Mas ainda falta o principal obstáculo para a aproximação, o embargo contra a ilha. O caminho iniciado por Obama é praticamente irreversível. Mas completar a tarefa provavelmente ficará nas mãos do próximo presidente dos EUA. E de um Congresso que não consegue se definir.

Obama acaba de reiterar um desejo: visitar Cuba antes de deixar a Casa Branca. Caso se cumpra, e nada parece capaz de impedi-lo, será o primeiro presidente americano a pisar na ilha em quase um século.

Não será seu único recorde cubano. Em 2015, Obama se reuniu em duas ocasiões com Castro, o que também não acontecia há meio século, e foi o artífice da histórica reabertura das embaixadas em Washington e Havana.

Os EUA e Cuba acabam de restabelecer o serviço postal e estão prestes a relançar os voos comerciais diretos. Já há acordos de cooperação em áreas como o meio ambiente, e se iniciou o diálogo sobre os temas mais espinhosos, como as desapropriações e os direitos humanos, embora esse caminho seja mais longo.

Apesar disso, as empresas americanas não perderam tempo para se posicionar em Cuba. Lá já estão Netflix e Airbnb, enquanto empresas de ferry-boats e cruzeiros terminam suas ofertas à ilha, mesmo que de forma limitada.

E é limitada porque, apesar dos avanços, fazer turismo é algo que ainda é oficialmente proibido para os americanos. Também não foram liberadas as relações comerciais. O freio é do embargo. Raúl Castro deixou claro que sem a suspensão dessa sanção, à qual Cuba atribui há meio século a maioria de seus males, não haverá uma verdadeira normalização de relações. Obama também pede seu fim. Mas isso, só o Congresso pode fazer, e este ainda não deu o passo definitivo.

James Williams recomenda paciência. "Temos de superar 55 anos de desconfiança e hostilidades", lembra o diretor da Engage Cuba, que promove a normalização de relações. Mesmo assim, está convencido de que é só questão de tempo. "A grande batalha acabou. Agora só estamos discutindo a velocidade do modo de levantar o embargo, não se vamos levantar ou não."

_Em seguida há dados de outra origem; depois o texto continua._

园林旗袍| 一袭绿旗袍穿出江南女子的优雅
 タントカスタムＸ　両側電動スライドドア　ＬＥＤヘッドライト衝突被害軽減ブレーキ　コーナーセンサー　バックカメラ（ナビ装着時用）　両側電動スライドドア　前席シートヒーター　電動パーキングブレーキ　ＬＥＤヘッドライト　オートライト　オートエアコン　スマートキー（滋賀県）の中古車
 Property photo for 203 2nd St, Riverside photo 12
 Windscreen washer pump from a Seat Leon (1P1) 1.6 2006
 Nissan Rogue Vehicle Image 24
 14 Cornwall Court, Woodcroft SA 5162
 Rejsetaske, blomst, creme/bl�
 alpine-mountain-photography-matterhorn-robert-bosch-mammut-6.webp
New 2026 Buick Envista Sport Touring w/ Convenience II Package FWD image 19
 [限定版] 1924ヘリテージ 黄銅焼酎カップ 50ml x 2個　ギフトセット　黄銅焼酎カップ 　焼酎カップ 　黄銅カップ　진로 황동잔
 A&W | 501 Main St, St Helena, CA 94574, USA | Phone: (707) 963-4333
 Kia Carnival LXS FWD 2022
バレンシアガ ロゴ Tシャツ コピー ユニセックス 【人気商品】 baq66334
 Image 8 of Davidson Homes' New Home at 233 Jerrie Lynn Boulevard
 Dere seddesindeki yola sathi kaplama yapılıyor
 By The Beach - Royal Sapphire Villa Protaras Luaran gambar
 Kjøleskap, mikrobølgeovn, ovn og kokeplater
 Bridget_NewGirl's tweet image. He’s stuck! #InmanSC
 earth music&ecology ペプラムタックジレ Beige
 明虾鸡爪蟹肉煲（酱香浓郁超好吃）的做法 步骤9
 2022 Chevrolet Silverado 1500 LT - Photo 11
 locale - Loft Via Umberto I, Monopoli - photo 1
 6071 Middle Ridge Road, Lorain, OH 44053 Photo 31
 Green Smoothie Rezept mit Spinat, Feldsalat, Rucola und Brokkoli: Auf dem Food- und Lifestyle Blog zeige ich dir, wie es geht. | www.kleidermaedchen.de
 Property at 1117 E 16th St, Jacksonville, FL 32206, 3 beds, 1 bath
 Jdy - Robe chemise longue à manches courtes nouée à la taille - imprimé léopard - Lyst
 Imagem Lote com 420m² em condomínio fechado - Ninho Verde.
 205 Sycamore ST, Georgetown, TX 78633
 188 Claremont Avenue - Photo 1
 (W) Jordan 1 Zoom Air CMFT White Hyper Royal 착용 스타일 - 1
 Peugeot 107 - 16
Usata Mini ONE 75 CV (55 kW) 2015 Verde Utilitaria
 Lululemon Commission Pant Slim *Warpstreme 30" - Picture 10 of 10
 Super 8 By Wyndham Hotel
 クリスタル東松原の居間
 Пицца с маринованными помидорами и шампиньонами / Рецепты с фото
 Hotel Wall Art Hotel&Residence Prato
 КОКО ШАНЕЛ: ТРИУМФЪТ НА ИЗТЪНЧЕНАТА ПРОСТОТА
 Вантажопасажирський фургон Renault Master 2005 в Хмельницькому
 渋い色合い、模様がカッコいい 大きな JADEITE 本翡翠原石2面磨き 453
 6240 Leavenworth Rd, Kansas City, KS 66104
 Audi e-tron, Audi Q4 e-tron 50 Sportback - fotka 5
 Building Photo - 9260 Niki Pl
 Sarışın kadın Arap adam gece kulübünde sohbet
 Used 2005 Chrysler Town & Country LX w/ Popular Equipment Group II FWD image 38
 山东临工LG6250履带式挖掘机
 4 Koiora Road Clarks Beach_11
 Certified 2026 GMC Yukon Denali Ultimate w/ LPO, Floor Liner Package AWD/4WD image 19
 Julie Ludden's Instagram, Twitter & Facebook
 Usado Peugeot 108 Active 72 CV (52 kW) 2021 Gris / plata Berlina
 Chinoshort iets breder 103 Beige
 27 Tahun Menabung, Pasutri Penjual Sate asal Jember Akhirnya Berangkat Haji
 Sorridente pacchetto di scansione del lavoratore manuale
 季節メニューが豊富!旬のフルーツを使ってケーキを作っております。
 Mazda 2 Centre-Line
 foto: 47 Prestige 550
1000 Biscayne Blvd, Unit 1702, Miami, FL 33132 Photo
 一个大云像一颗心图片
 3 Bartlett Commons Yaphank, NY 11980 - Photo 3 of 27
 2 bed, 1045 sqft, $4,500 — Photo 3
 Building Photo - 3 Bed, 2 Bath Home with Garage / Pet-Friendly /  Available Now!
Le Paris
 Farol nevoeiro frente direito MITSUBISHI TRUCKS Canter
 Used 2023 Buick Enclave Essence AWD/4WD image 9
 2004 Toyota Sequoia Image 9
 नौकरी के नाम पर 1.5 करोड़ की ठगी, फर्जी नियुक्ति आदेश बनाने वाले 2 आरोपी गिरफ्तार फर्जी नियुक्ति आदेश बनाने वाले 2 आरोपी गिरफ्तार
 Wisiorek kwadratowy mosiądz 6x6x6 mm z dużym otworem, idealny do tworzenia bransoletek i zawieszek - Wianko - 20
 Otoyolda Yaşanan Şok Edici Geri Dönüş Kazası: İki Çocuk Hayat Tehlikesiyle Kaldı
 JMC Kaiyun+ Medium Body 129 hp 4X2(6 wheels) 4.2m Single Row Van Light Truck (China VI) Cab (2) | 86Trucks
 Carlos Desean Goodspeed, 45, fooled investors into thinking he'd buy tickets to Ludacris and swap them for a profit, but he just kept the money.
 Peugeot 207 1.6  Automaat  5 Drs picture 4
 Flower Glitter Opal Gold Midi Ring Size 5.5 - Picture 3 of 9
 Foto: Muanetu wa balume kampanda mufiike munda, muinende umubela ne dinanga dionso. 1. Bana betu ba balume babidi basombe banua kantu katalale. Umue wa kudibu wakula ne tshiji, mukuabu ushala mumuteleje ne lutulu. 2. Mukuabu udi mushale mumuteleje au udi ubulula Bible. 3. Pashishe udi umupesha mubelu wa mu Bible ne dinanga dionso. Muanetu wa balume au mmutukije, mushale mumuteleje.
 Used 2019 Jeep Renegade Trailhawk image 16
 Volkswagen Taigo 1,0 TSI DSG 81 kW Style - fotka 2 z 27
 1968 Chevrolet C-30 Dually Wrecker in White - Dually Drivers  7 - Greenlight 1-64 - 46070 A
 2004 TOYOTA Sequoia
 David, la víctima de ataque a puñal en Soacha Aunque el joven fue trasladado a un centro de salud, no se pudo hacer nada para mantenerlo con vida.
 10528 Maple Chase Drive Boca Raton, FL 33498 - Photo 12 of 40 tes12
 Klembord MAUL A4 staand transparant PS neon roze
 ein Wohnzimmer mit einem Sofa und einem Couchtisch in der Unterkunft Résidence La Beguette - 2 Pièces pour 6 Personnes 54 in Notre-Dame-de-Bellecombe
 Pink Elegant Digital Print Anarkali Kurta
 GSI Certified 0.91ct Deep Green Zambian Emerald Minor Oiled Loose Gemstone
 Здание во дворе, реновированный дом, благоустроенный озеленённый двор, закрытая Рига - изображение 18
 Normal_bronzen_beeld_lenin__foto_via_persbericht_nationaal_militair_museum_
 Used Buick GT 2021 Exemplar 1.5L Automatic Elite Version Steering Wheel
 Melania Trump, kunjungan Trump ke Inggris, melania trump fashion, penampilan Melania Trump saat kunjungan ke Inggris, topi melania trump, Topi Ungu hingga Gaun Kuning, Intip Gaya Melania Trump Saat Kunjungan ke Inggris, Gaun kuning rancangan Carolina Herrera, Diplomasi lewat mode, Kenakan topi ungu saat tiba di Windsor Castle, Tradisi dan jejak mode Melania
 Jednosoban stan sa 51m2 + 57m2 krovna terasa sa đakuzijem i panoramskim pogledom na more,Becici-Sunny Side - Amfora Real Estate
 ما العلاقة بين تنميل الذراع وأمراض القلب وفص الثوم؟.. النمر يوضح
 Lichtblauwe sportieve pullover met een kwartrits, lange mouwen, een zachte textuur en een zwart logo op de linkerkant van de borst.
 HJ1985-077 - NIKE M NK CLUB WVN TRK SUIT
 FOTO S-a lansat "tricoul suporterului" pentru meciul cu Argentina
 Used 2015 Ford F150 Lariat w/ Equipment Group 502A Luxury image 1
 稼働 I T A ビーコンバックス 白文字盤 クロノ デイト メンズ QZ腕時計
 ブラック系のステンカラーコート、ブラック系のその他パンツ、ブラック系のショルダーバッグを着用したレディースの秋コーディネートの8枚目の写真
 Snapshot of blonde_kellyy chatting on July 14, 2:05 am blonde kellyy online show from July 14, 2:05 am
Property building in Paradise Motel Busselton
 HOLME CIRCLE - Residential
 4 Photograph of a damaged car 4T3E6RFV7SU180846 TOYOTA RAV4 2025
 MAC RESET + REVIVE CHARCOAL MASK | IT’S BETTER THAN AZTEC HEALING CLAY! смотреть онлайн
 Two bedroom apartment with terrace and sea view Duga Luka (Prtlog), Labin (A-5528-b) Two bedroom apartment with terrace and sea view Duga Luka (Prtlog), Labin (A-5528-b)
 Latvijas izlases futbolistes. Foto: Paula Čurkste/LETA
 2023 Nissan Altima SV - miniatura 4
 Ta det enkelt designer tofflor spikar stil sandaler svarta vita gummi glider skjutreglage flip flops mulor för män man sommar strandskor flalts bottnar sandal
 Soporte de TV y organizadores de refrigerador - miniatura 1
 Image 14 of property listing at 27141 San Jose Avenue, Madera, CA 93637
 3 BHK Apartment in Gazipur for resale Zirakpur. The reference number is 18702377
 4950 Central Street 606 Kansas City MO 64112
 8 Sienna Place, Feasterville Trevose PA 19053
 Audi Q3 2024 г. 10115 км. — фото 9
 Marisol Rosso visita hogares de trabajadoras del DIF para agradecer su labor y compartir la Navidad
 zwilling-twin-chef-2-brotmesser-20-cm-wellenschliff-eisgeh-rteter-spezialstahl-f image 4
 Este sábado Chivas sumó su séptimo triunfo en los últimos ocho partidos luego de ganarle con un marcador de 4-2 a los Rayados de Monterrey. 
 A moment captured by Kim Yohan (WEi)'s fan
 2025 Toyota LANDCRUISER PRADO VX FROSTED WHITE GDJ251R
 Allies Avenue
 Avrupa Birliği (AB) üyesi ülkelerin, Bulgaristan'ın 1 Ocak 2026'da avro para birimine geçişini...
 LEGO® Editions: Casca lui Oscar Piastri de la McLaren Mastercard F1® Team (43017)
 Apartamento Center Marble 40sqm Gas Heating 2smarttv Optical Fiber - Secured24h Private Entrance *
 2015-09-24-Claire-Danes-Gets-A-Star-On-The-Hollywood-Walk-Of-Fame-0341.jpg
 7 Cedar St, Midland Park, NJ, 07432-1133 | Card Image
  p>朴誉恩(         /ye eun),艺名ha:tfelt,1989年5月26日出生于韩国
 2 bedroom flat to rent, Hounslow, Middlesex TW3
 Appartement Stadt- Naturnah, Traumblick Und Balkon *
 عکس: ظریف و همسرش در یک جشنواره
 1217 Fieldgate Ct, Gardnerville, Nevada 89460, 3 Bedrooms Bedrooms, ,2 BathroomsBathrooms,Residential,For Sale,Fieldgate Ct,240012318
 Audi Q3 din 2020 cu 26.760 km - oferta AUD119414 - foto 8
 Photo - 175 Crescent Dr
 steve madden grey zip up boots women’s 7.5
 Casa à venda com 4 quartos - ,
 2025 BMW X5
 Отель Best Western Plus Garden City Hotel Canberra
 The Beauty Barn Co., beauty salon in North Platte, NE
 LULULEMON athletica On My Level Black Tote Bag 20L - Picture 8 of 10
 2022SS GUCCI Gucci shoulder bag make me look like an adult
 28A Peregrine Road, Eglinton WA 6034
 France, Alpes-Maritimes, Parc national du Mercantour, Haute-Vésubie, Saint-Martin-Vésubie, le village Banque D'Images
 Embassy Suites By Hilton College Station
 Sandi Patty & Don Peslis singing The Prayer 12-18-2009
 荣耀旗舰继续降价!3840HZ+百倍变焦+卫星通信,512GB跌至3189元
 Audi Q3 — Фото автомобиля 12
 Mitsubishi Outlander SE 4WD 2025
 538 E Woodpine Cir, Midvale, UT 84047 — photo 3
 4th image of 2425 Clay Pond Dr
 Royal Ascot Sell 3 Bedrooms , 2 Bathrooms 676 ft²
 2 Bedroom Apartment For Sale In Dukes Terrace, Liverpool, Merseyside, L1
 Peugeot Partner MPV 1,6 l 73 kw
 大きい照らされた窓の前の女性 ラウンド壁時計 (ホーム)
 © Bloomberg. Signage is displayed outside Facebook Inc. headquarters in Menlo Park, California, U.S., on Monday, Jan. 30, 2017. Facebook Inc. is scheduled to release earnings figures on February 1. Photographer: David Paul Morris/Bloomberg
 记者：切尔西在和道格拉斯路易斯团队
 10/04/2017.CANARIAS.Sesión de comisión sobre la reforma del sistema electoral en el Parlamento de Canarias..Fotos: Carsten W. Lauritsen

Para tanto, indica Marc Hanson, especialista em Cuba no Escritório em Washington para a América Latina (WOLA na sigla em inglês), Obama conta com aliados inesperados: alguns dos legisladores republicanos mais conservadores apoiam o fim do embargo com base no princípio libertário de que o governo não deve interferir em liberdades ou direitos individuais.

Já há várias propostas de lei para desmantelar o embargo. E todas são patrocinadas por republicanos. O que falta é "educar" legisladores suficientes para ter os votos necessários, explica o ex-assessor parlamentar.

Nesse sentido, 2016 será, segundo Williams, um "ano chave". E mesmo que a campanha eleitoral possa dificultar as coisas Williams e Hanson estão certos de que é possível avançar. "Se os candidatos republicanos pensassem que (opor-se à normalização) os beneficia, falariam disso sem parar, mas não estão dizendo nem uma palavra", lembra Hanson.

Mas que a mudança política seja "irreversível" não quer dizer que já esteja totalmente garantida, e aí Cuba também deve jogar sua parte e demonstrar que está disposta de todo modo a consolidar as mudanças, salientam. "Cuba precisa compreender que esta é uma oportunidade que não pode deixar passar e que as portas não ficarão abertas para sempre", adverte Williams.